What the task asks
Reproduce the whole listing word for word. Leave every image out.

- - -

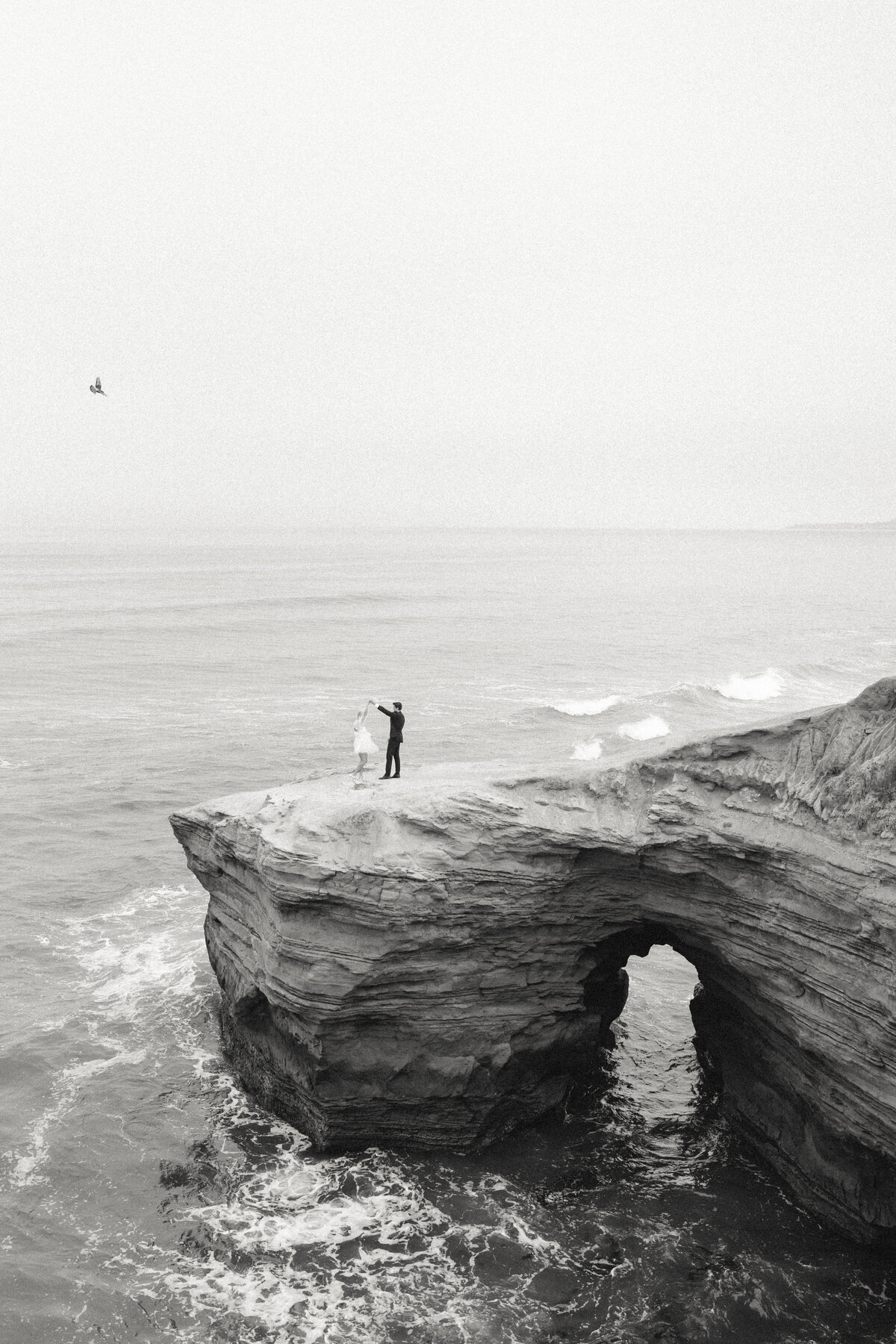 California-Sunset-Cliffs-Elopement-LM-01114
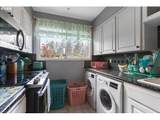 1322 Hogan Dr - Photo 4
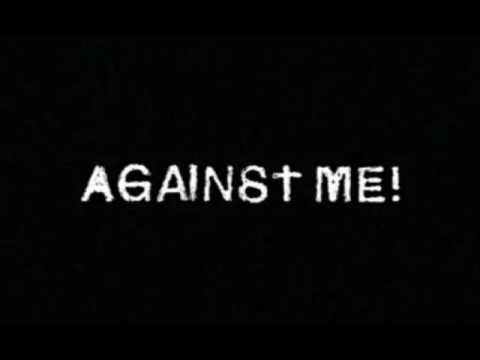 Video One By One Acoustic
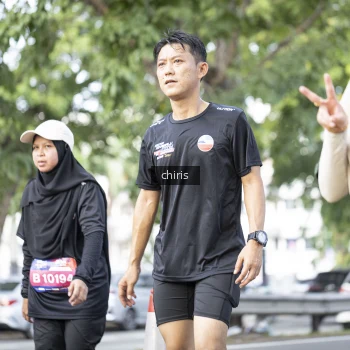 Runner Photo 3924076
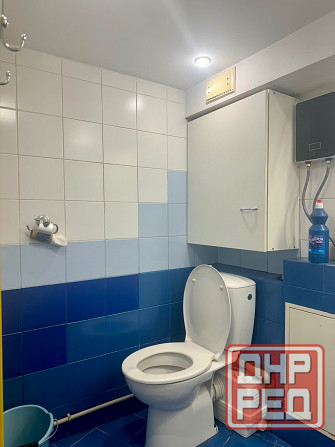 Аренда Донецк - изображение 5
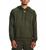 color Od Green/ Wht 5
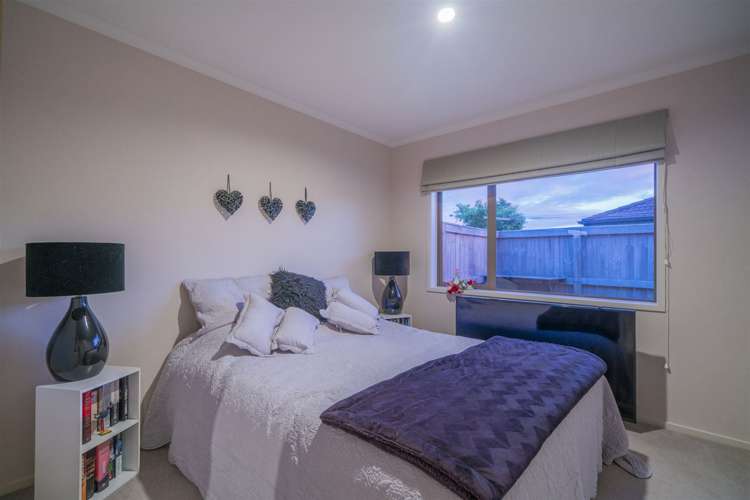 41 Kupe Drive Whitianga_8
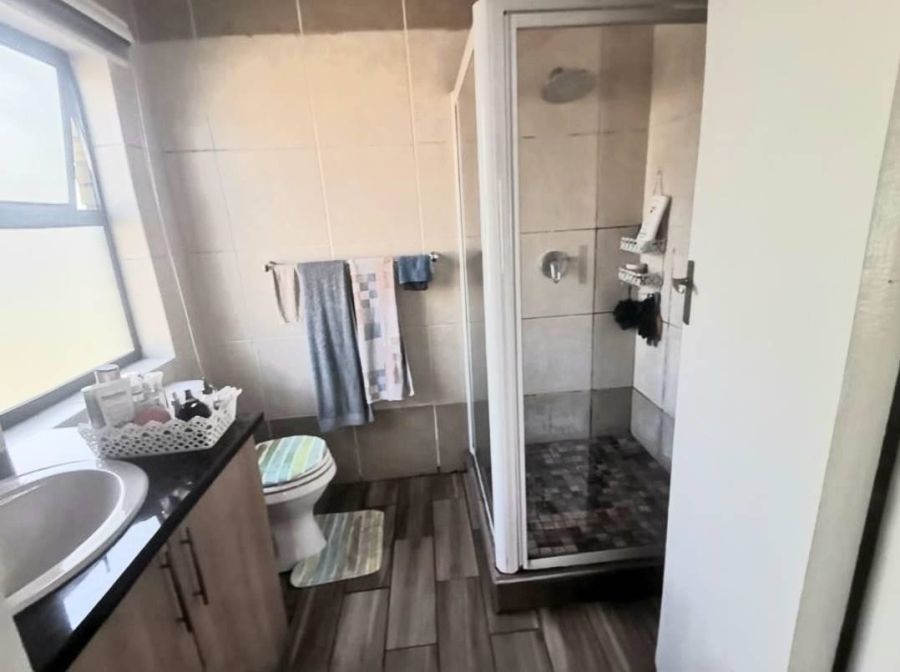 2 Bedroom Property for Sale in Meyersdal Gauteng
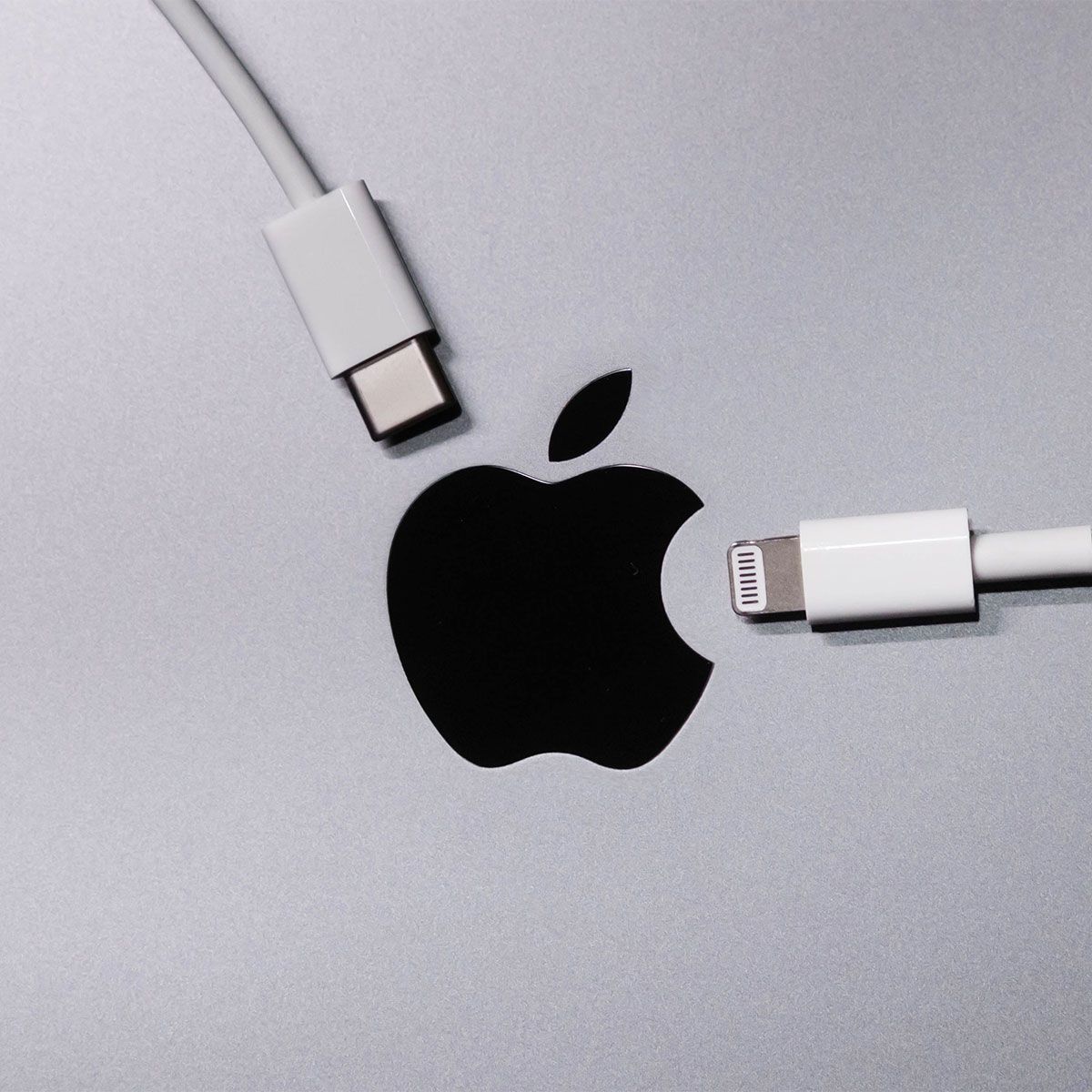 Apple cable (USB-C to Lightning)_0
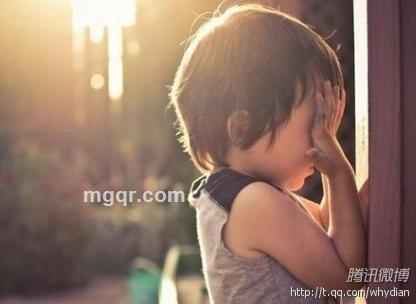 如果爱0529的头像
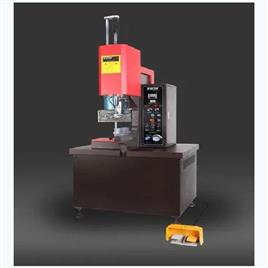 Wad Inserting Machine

- - -

Final answer
 California-Sunset-Cliffs-Elopement-LM-01114
 1322 Hogan Dr - Photo 4
 Video One By One Acoustic
 Runner Photo 3924076
 Аренда Донецк - изображение 5
 color Od Green/ Wht 5
 41 Kupe Drive Whitianga_8
 2 Bedroom Property for Sale in Meyersdal Gauteng
 Apple cable (USB-C to Lightning)_0
 如果爱0529的头像
 Wad Inserting Machine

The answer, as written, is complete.